What this task involves
Restate word for word the lines below that run from the one holding "Chậu rửa mặt" through the one holding "Miniature of Singapore", inclusive. Pictures don't belong in the copy.

Supplied information
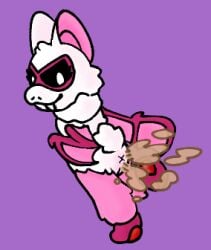 anthro anus anus_blush bat blush body_blush brown_fart_cloud eye_mask fart fart_cloud female genitals leaning leaning_forward low_res mammal nyecenic poppy_playtime pussy pussy_blush rabie_baby_(poppy_playtime) solo winged_arms wings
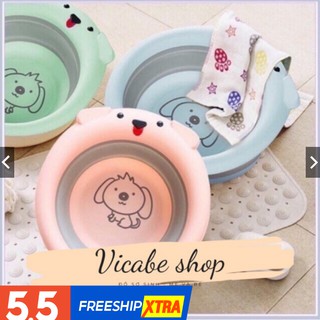 Chậu rửa mặt gấp gọn chậu hình cún siêu cute cho bé Gube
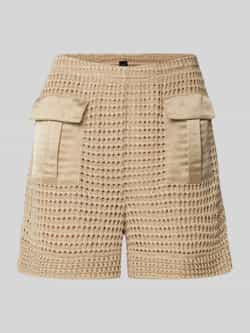 Marc Cain Korte broek met klepzakken en effectgaren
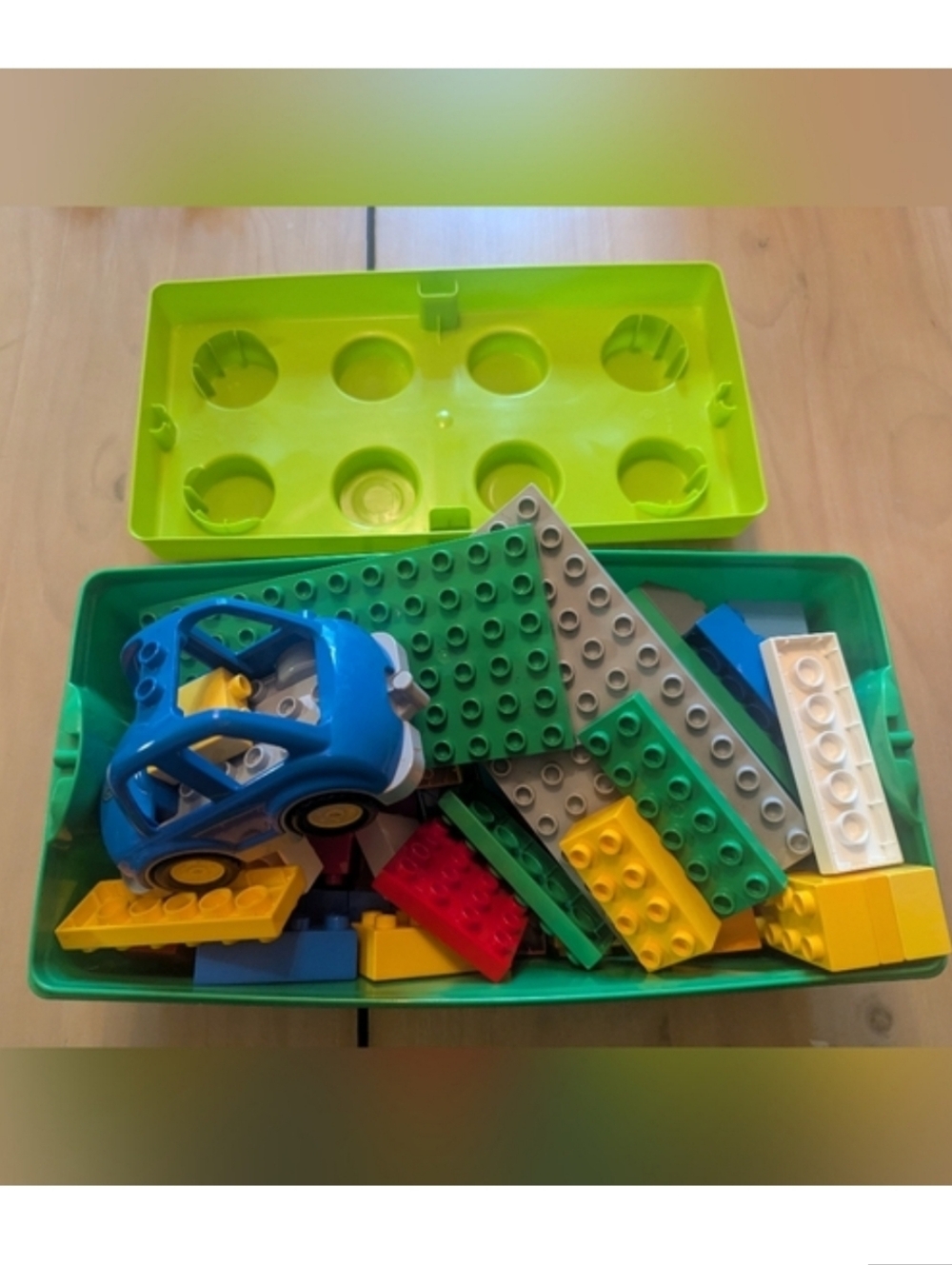 Duplo-Style Kids Building Brick Set with Blue Car - Green/Yellow Storage Box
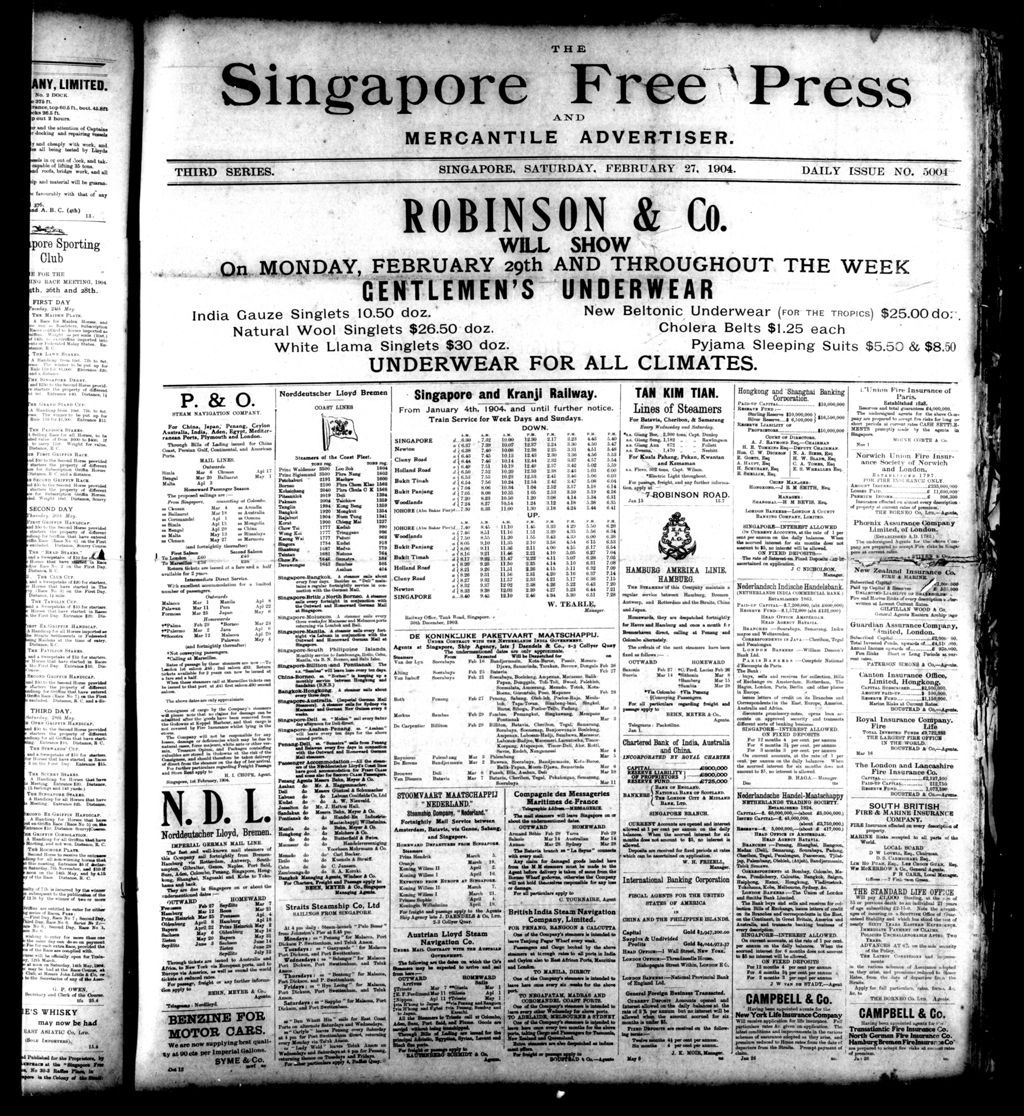 Miniature of Singapore Free Press and Mercantile Advertiser 27 February 1904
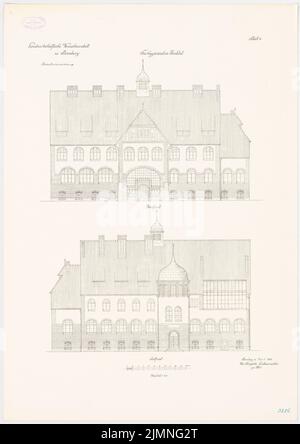 Unknown architect, agricultural experimental institution, Bromberg. Tierhygienisches Institut (04.1906): north view, southern view 1: 100. Lithograph, 79.5 x 56.2 cm (including scan edges) Stock Photo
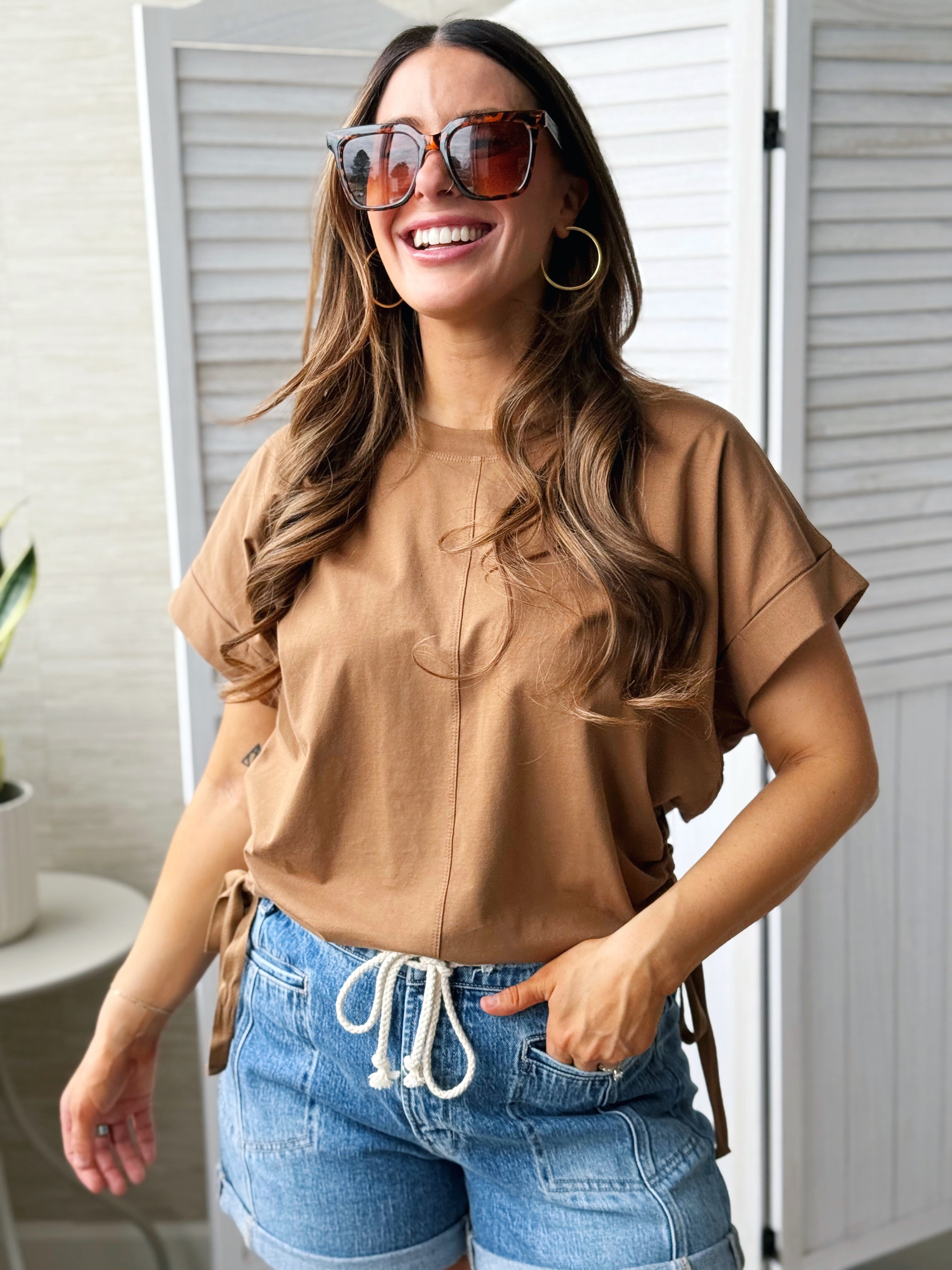 Dakota Tee - BROWN MUSTARD - willows clothing S/S SHIRT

The answer
 Chậu rửa mặt gấp gọn chậu hình cún siêu cute cho bé Gube
 Marc Cain Korte broek met klepzakken en effectgaren
 Duplo-Style Kids Building Brick Set with Blue Car - Green/Yellow Storage Box
 Miniature of Singapore Free Press and Mercantile Advertiser 27 February 1904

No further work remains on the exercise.